Well, now we have some important clues.  In a studypublished online yesterday in JAMA: Internal Medicine (formerly Archives of Internal Medicine), she mentored a junior researcher named Jaclyn Yoon to examine chart notes from palliative care clinic visits during the MGH trail.  They also examined chart notes from oncologist for those times when the disease progressed.

They found:

  • During the first few patient visits, palliative care clinicians focused on building a relationship, treating symptoms, understanding of prognosis, and establishing preferences for information 
  • When the patients disease progressed, both palliative care clinicians and oncologists addressed plans for end of life care, though oncologists tended to focus more on radiographic progression of disease and medical complications, whereas palliative care docs focused on coping.

This represents an important window into outpatient palliative care encounters.  As I noted in the commentary, these findings are as surprising for what they include as what they do not.  Some might expect that goals of care discussions and hospice would be introduced from the get go – this was not the case.

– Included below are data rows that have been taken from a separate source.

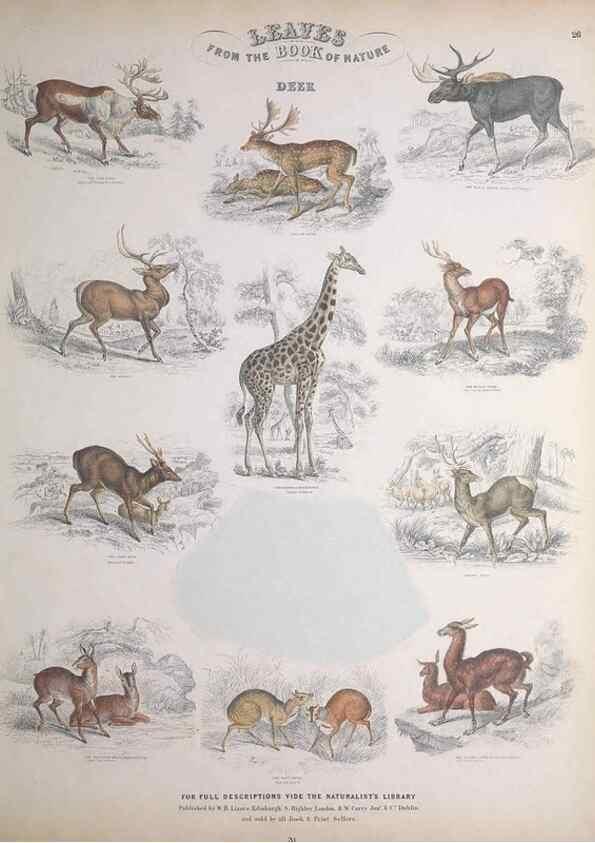 Reproducción/Reproduction 49748841448: Leaves from the book of nature,. Edinburgh :W.H. Lizars;[184-?]. 
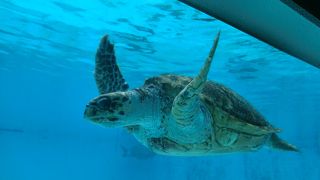 ウミガメが可愛い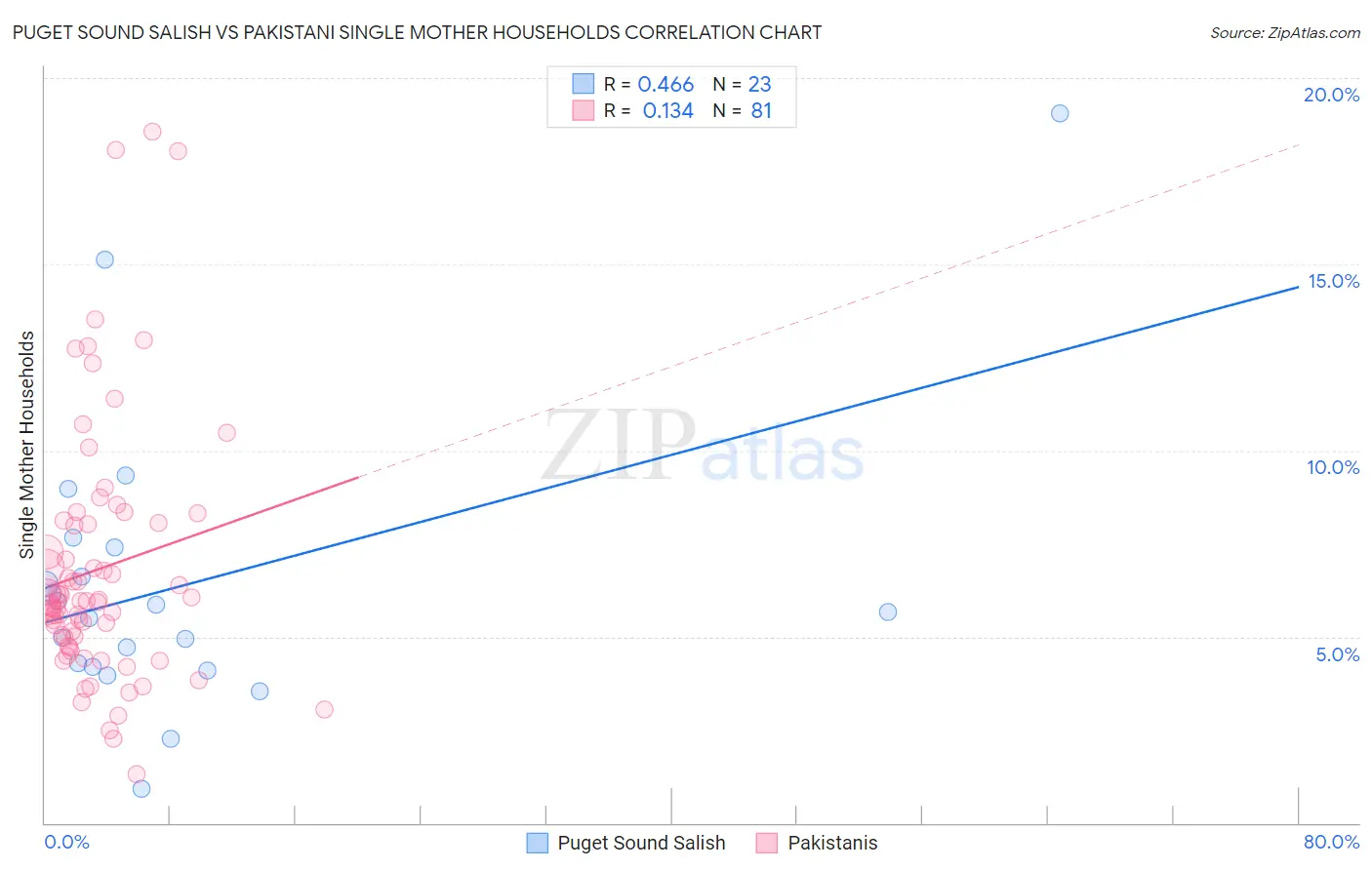 Puget Sound Salish vs Pakistani Single Mother Households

As the commentary concludes:

The focus of PC is not browbeating patients into accepting hospice and avoiding resuscitation or hospitalization, as some might assume. Palliative care is at its heart a relationship-centered profession. Palliative care clinicians build strong relationships with patients and families in the hopes of finding a way through the symptoms and distress, a way to cope with the illness experience, and a way to make each day as good as it can be. Many patients with serious illness will not have access to an outpatient PC clinician, but they will probably have access to an internist. Patients might benefit if all internists incorporated this approach, seeking supplementary training in PC. And some benefits, like survival, might be surprising.